*Goal of the exercise:* Output every line of the material exactly, omitting images.

*Given material:*
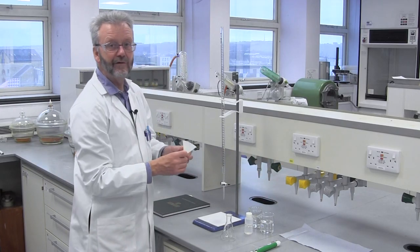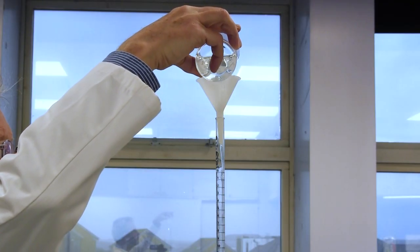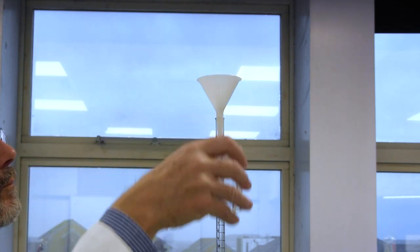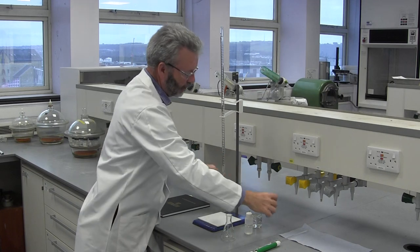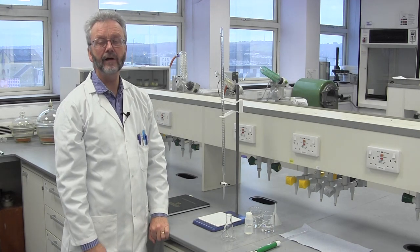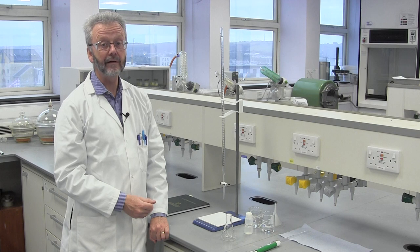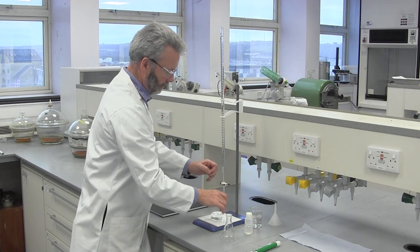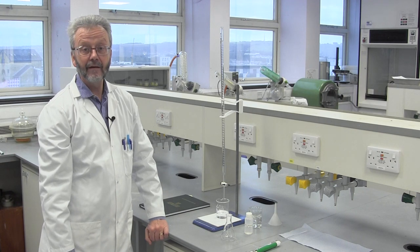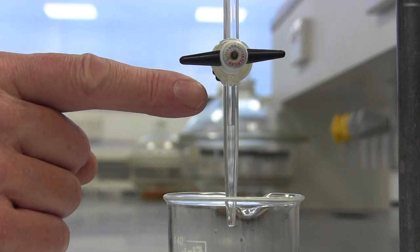Next we pour in the solution using the funnel — in this case, sodium hydroxide. We fill it beyond the zero millilitre mark. We do this because we need a continuous column of liquid from the top of the burette right to the tip. At the moment, the tap and the tip below it are full of air, not liquid. So we open the tap to allow the liquid to fill the space. It's important to check that there is no air trapped below the tap, which could come out during the titration and cause an inaccuracy in the volume measurement.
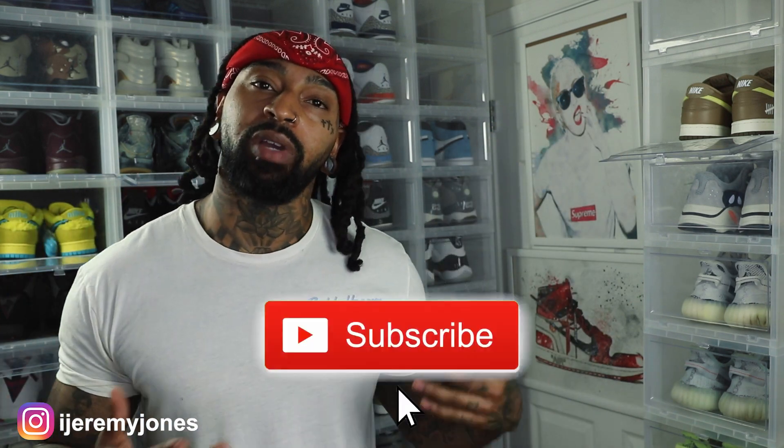Alright, I'm back with another video. Before I get too deep into this video, y'all already know what to do — go and hit that like button, it really helps the channel out. And if you're new, consider subscribing. I make content about sneakers.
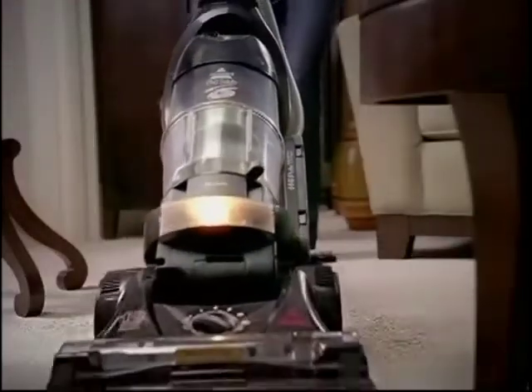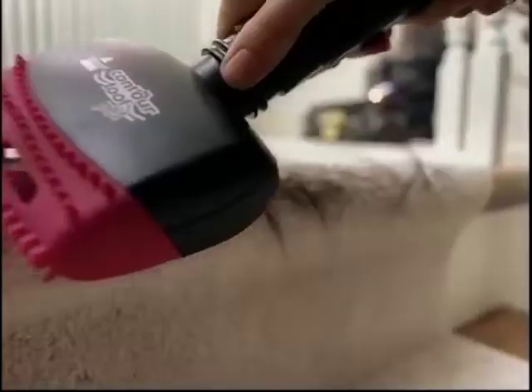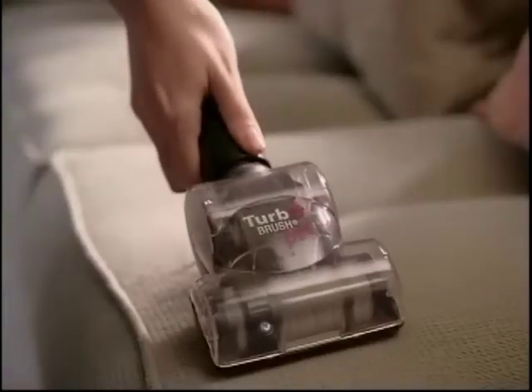Take control of your pet hair with the Bissell Pet Hair Eraser. Its dual cyclonic power and special attachments work like a magnet on pet hair and everyday messes.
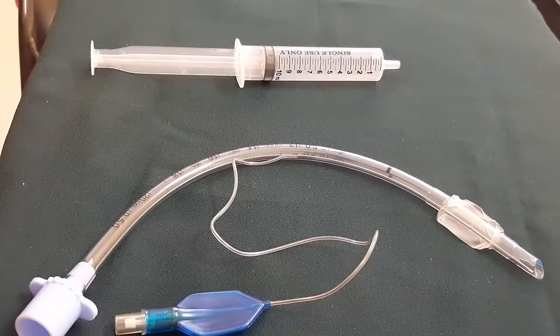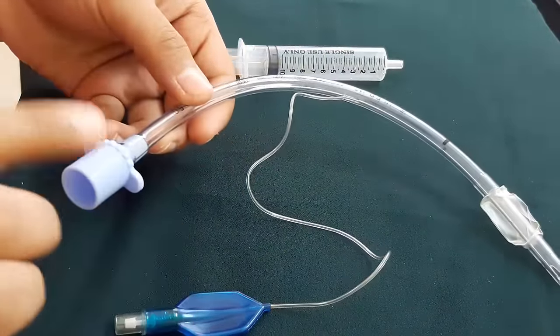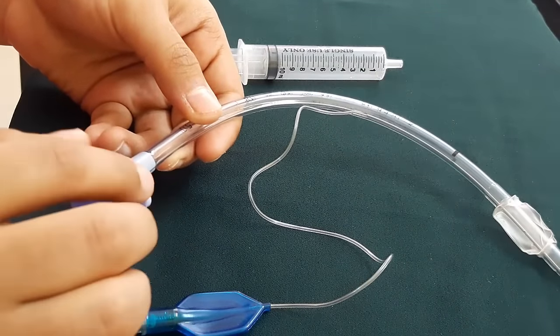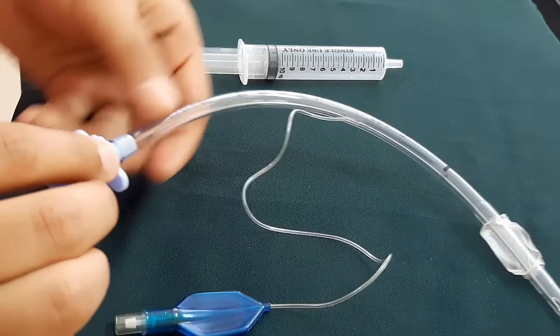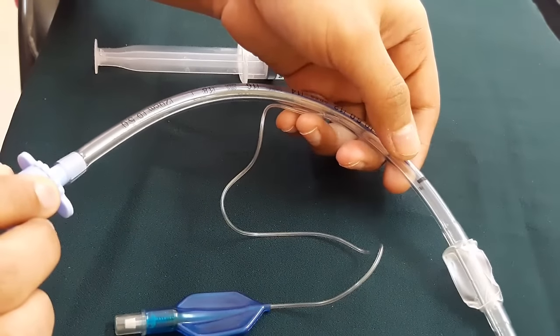Now let us talk about the parts of the ET tube. We start from the proximal end — as you can see, there is a 15 mm adapter or connector which fits to a ventilator or the Ambu bag. Moving on to the central portion of the tube, you can see a vocal cord guide.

*Response:*
Next we pour in the solution using the funnel — in this case, sodium hydroxide. We fill it beyond the zero millilitre mark. We do this because we need a continuous column of liquid from the top of the burette right to the tip. At the moment, the tap and the tip below it are full of air, not liquid. So we open the tap to allow the liquid to fill the space. It's important to check that there is no air trapped below the tap, which could come out during the titration and cause an inaccuracy in the volume measurement.
Alright, I'm back with another video. Before I get too deep into this video, y'all already know what to do — go and hit that like button, it really helps the channel out. And if you're new, consider subscribing. I make content about sneakers.
Take control of your pet hair with the Bissell Pet Hair Eraser. Its dual cyclonic power and special attachments work like a magnet on pet hair and everyday messes.
Now let us talk about the parts of the ET tube. We start from the proximal end — as you can see, there is a 15 mm adapter or connector which fits to a ventilator or the Ambu bag. Moving on to the central portion of the tube, you can see a vocal cord guide.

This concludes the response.